Fifteen years and one day after Andy Warhol’s queer muse, Fred Herko took a flying grand jete from the fifth floor of a New York apartment building, in what can only be described as the ultimate last dance; Matthew van Roden was born. Raised by a working class family who knew not the strange creature who had landed with a similar SPLAT into their lives, he was taught the ways of a terrifying and charismatic God. The young Matthew strove to transform his very nature into the image of the Divine, a quest that lingers in his blood to this day, swilling with gin and glitter and emanating a stench that is simultaneously repugnant and irresistible. Something you can’t hate, but you can’t love; something in-between.
In a daring daylight escape he fled his hometown to London where he studied philosophy, played in a punk-rock band and developed the beginnings of what would become a decidedly queer artistic practice.

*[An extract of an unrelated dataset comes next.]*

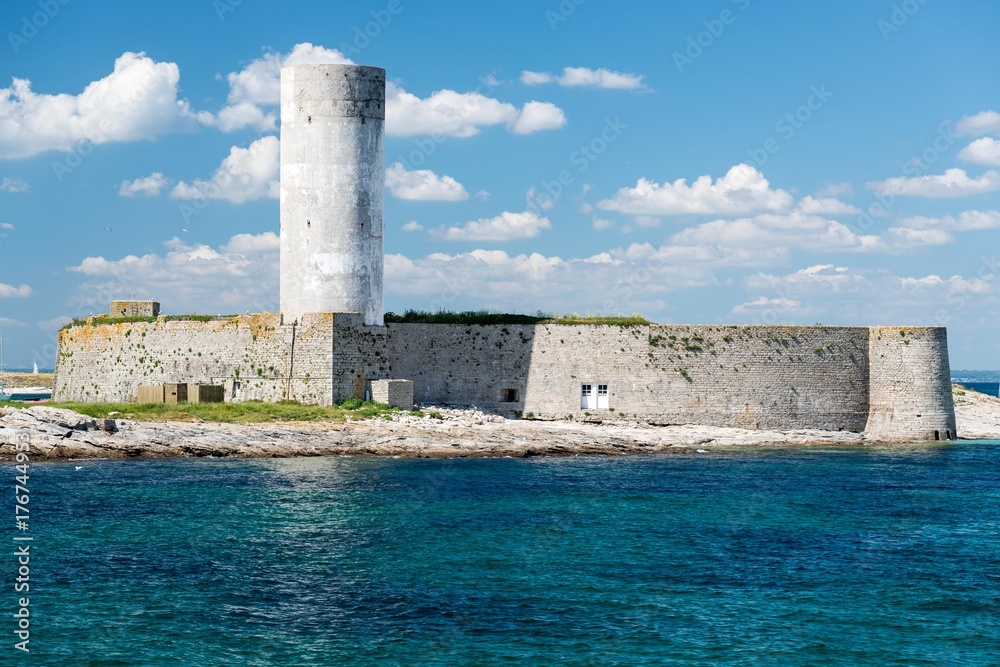 fort cigogne Glénans island France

Now having returned, 'like a dog to its vomit' he spends his time pushing the creative limits of wax, text and flesh and fetishising the printing press. Film is a new foray for this queer artist, and it’s been somewhat of a liberating revelation.
“The freedom to experiment is very different from ‘being’ experimental. The primacy of being within my practice, the teasing out of its multiple possibilities and expressions, foregrounds my dalliance with any medium. Video, particularly grants access to creative outputs that shift through time; that form their meaning precisely through that shifting. It strikes me as at least peculiar, if not queer, that I can inhabit that process of meaning through change; my digital body on the threshold of the unknown.”